[[ Dataset content open ]]

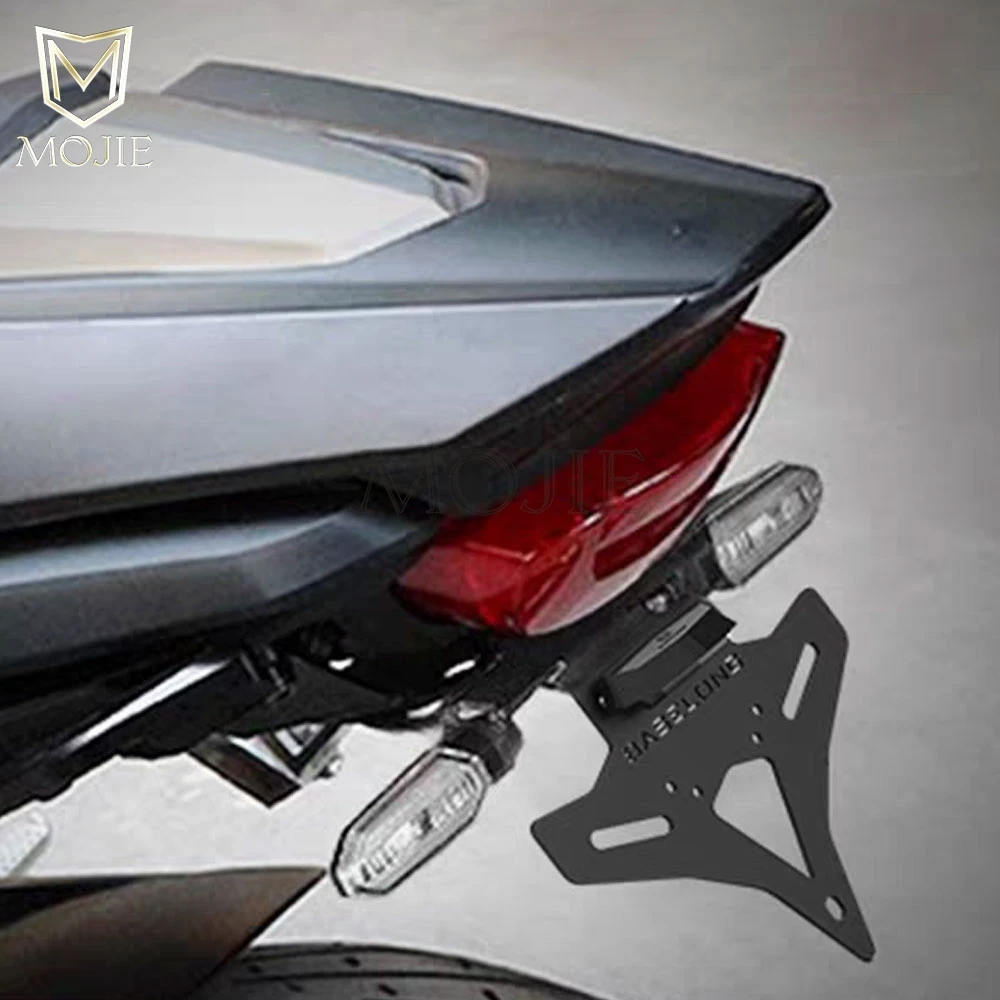 Rear Tail Tidy License Plate Holder Bracket Fender For ZXMOTO ZX Moto 500RR 820RR 2025 2026 2027 2028 ZX500RR ZX820RR 500 820 RR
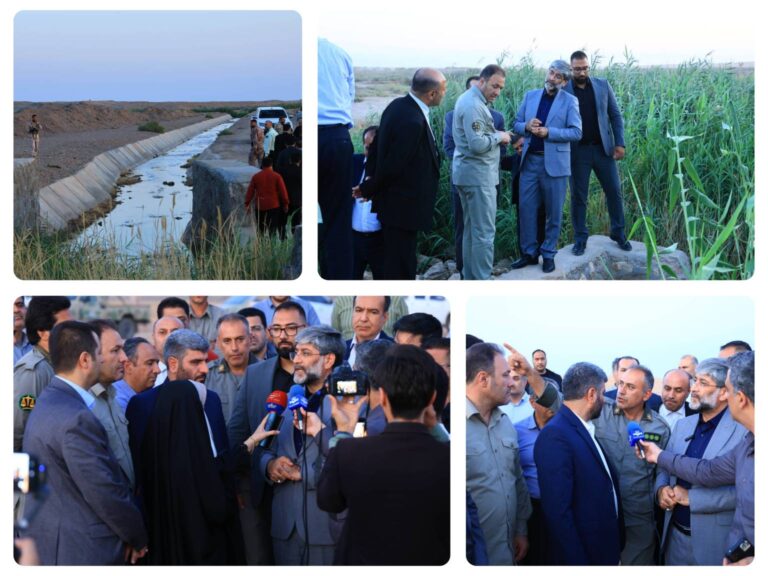 گام عملی برای احیای تالاب بندعلیخان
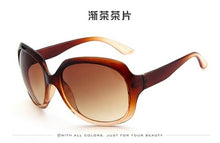 Load image into Gallery viewer, New Fashion Large Frame Sunglasses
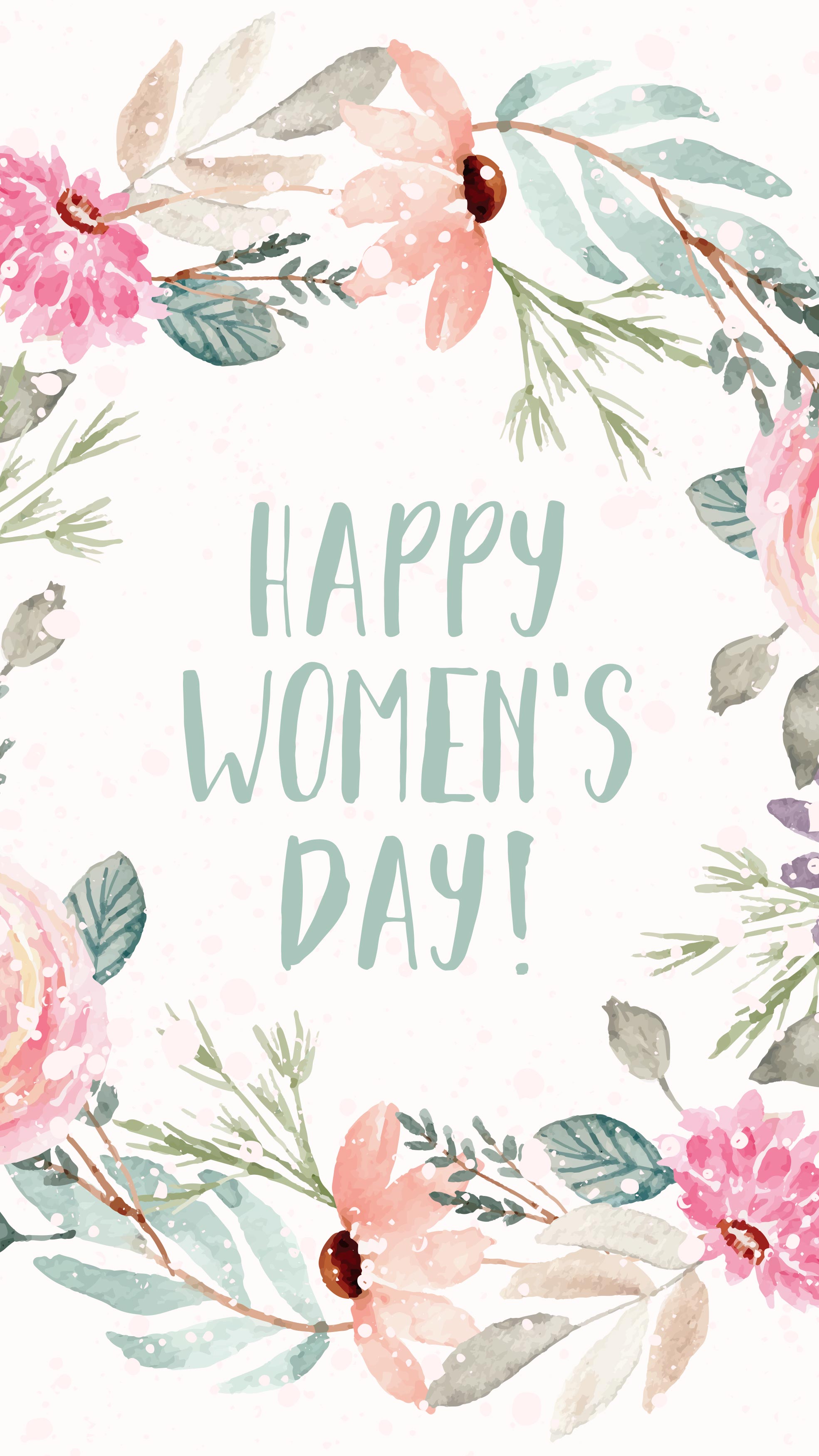 International Women's Day e-Cards for Free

[[ Dataset content closed ]]

- Work required
Leave out the pictures and repeat exactly the lines from the start of the material through the line that contains "Load image into", both included.

- Output of the task
 Rear Tail Tidy License Plate Holder Bracket Fender For ZXMOTO ZX Moto 500RR 820RR 2025 2026 2027 2028 ZX500RR ZX820RR 500 820 RR
 گام عملی برای احیای تالاب بندعلیخان
 Load image into Gallery viewer, New Fashion Large Frame Sunglasses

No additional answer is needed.